• What you should do: Output each line of the data below exactly, omitting any image.

• Collected data:

-*-*-

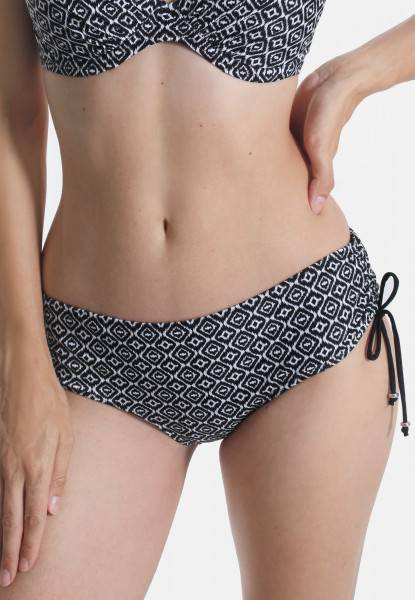 Sassamode Bikini-Slip LOVELY SENSE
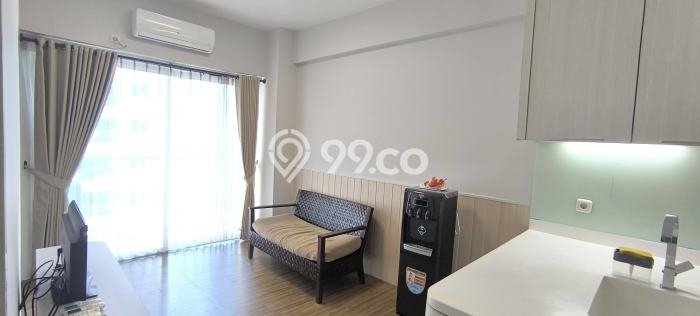 Apartemen Siap Pakai 2 Kamar dengan Harga Hemat di Area Dukuh Pakis, Surabaya Apartemen Siap Pakai 2 Kamar dengan Harga Hemat di Area Dukuh Pakis, Surabaya
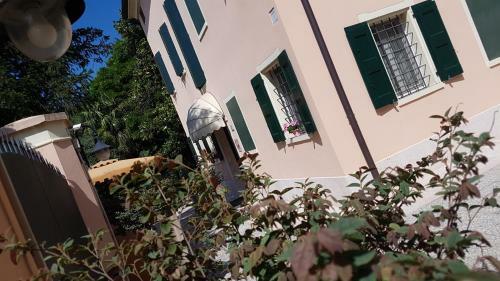 Bed & Breakfast La Corte Dei Sogni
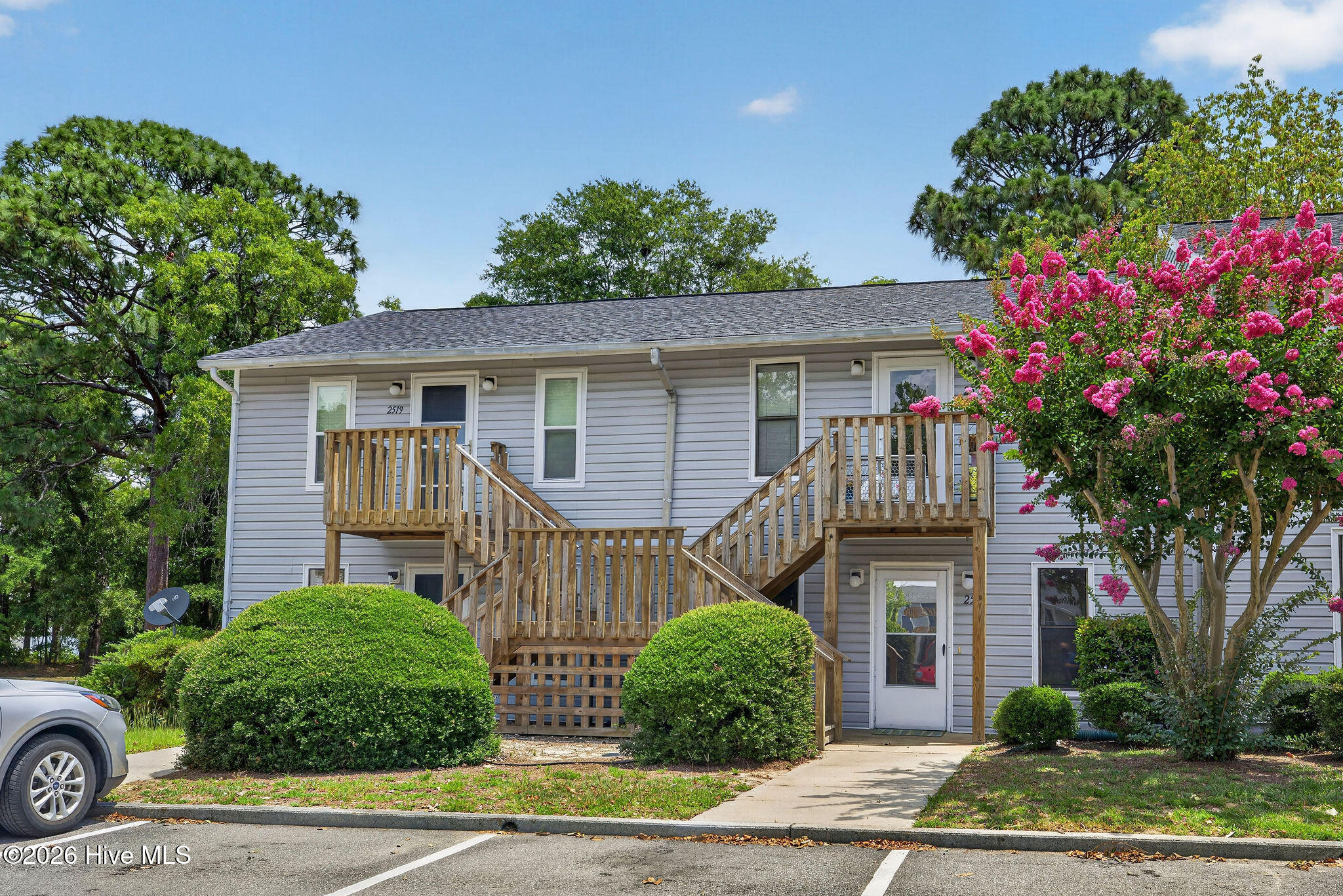 2521 Flint Drive Property Photo 1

-*-*-

• Result of this task:
 Sassamode Bikini-Slip LOVELY SENSE
 Apartemen Siap Pakai 2 Kamar dengan Harga Hemat di Area Dukuh Pakis, Surabaya Apartemen Siap Pakai 2 Kamar dengan Harga Hemat di Area Dukuh Pakis, Surabaya
 Bed & Breakfast La Corte Dei Sogni
 2521 Flint Drive Property Photo 1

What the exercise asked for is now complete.